• [Assigned task]: Restate word for word the section of the entries that opens at the line containing "A picture of Lenovo desktop Computer ram 8gb" and closes at the line containing "Baru 6 Hari", both lines kept, pictures dropped.

═════ Supplied entries

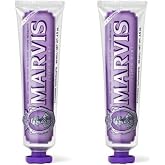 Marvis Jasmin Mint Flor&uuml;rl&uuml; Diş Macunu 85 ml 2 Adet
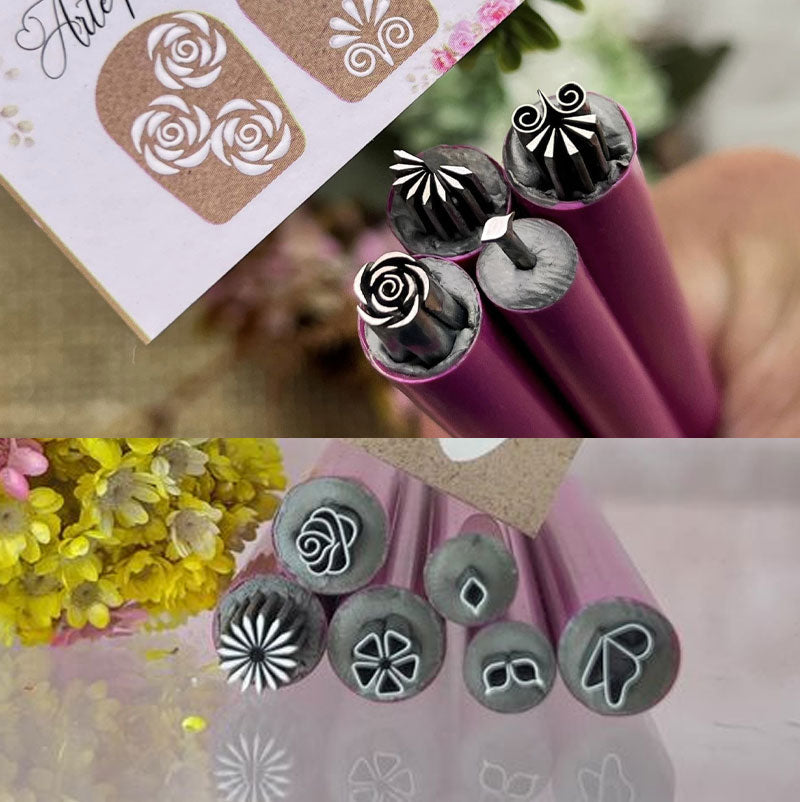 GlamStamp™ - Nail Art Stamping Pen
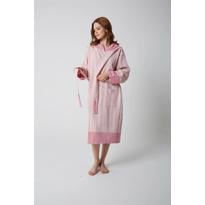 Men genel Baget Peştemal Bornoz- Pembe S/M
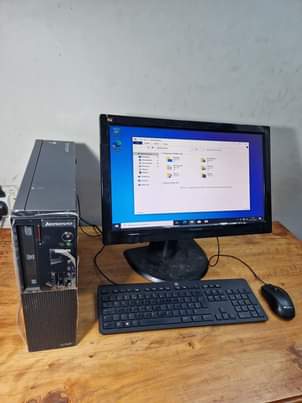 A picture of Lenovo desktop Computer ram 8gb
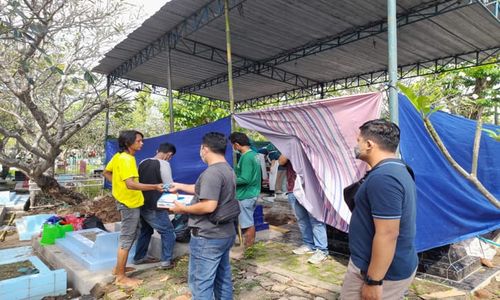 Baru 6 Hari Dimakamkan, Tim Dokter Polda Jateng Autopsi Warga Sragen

══════════
═════ Supplied entries

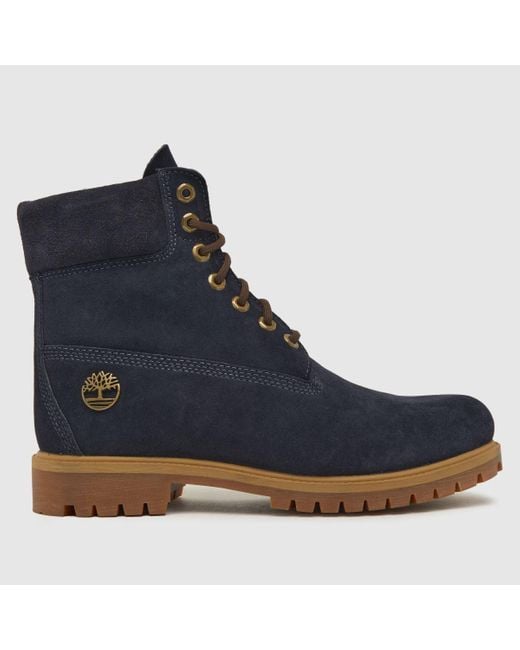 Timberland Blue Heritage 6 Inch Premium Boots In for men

══════════
═════ Supplied entries

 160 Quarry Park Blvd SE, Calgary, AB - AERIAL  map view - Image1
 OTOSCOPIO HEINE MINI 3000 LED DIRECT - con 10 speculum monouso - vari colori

══════════

• [Expected output]:
 A picture of Lenovo desktop Computer ram 8gb
 Baru 6 Hari Dimakamkan, Tim Dokter Polda Jateng Autopsi Warga Sragen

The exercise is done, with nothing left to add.